Yep, there are whole departments of people who work hard to make the scheduling on railways work as well as possible. People always like to complain, but they always ignore the fact that the timetable has to try and satisfy a huge number of people with often very different needs, on networks with some very fixed constraints that are expensive and difficult to change.
Not without passing places, because you can't miss a stop without the train in front of you also missing it, at least without an eye watering body count.
Depends on how closely you are trying to run those trains! If they are both skipping every other stop, they will both have the same mean speed, and thus shouldn't have to pass one another if there is sufficient initial spacing.
For example, in the simple case where the stations are evenly spaced, if train B arrives at station 1 at the same time that train A arrives at station 2, then they will leave at the same time and arrive at stations 3 and 4 respectively at the same time, and never catch up with each other.
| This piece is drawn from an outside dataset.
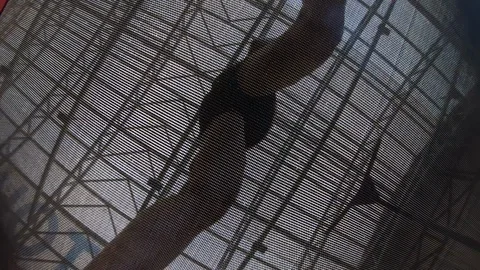 A trampoline indoors Stock Footage 129953943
Yes, this was the sort of thing I was thinking for London. Not "express" per-se, but "missing stops" (i.e. just like what happens when stations are closed for platform maintenance during normal ops).
However on something like the underground that would complicate the "turn up and go" approach that most people take to the tube if you start skipping different sets of stations on different trains.
It's something that's done, but I'm not sure how well it would scale on the tube if you did it a lot. Each train would need to miss roughly the same number of stops to prevent blockages or you need more passing places. With the small gaps between many tube trains the margin of error for scheduling can be very small.
I think it's one of those things that works, but the advantage for the vast majority of people would be pretty small compared to the complexity and added fragility it would introduce if you tried to do it a lot.
This creates a very significant passenger challenge. How do the customers know which train to get on and what if they get on the even stop and need to get off an odd stop? They have to change train. If they can't pass each other then they don't save much time.
In NY, the expresses are easier to understand because the rules are very simple.
They used to do it in Chicago for a long time. Trains and stops are labelled A or B and some stops would be labelled AB if evens and odds both stopped.